2.244.963 votants : tel est le niveau de participation à la « votation citoyenne » sur La Poste, enregistré dans la soirée du 5 octobre, alors que les résultats continuent de remonter des comités locaux. Certes, ce référendum populaire auto-organisé par 30.000 militants d’une soixantaine d’organisations syndicales, associatives et politiques n’a aucune valeur juridique. Mais il illustre cependant le vaste mouvement social et d’opinion qui s’exprime en faveur du maintien de La Poste comme service public, avec toutes les missions qui en découlent : présence sur tout le territoire, péréquation tarifaire des services postaux, service bancaire accessible à chaque citoyen, priorité à la satisfaction de l’usager et non à la vente de produits commerciaux…
Les ténors de l’UMP n’ont pas tardé à monter au créneau. « C’est de la fausse démocratie, on bourre les urnes avec une information mensongère », tempête le sénateur UMP Jean-Pierre Raffarin pendant que le porte-parole du parti de Nicolas Sarkozy, Frédéric Lefebvre dénonce une « vaste manipulation ». Leur principal argument : pourquoi s’opposer à la privatisation alors que le projet de loi défendu par le ministre de l’Industrie Christian Estrosi ne la prévoirait pas. La question peut leur être retournée : pourquoi, dans ce cas, modifier le statut de La Poste, qui passerait du statut d’Etablissement public industriel à caractère commercial (EPIC) à celui de Société anonyme, si ce n’est pas pour la privatiser ? Toutes les anciennes entreprises publiques qui ont suivi ce processus, comme France Télécom, EDF ou GDF, ont été ensuite totalement ou partiellement livrées à l’implacable loi du marché.

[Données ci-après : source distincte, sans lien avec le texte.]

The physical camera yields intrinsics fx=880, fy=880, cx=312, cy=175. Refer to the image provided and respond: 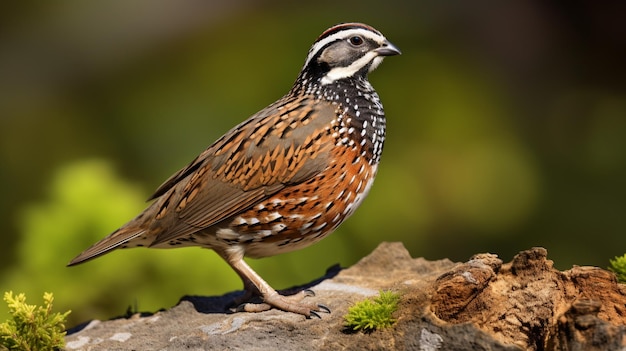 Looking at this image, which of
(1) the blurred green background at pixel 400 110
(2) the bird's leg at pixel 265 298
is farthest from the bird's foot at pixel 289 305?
Answer: (1) the blurred green background at pixel 400 110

« Nous sommes un peu déçus de ces réactions au ras des pâquerettes, ces gens sont envoyés en franc-tireur », réagit Nicolas Galepides, délégué syndical de Sud-PTT et porte-parole du comité organisateur du « référendum ». « Notre interlocuteur direct, c’est le Président de la République. Il n’y a que lui qui peut arrêter le projet de loi. » L’Elysée sera probablement aussi mis sous pression par les élus locaux UMP. Dans plusieurs départements ruraux, la participation à la « votation citoyenne » dépasse largement les capacités de mobilisation de la gauche militante.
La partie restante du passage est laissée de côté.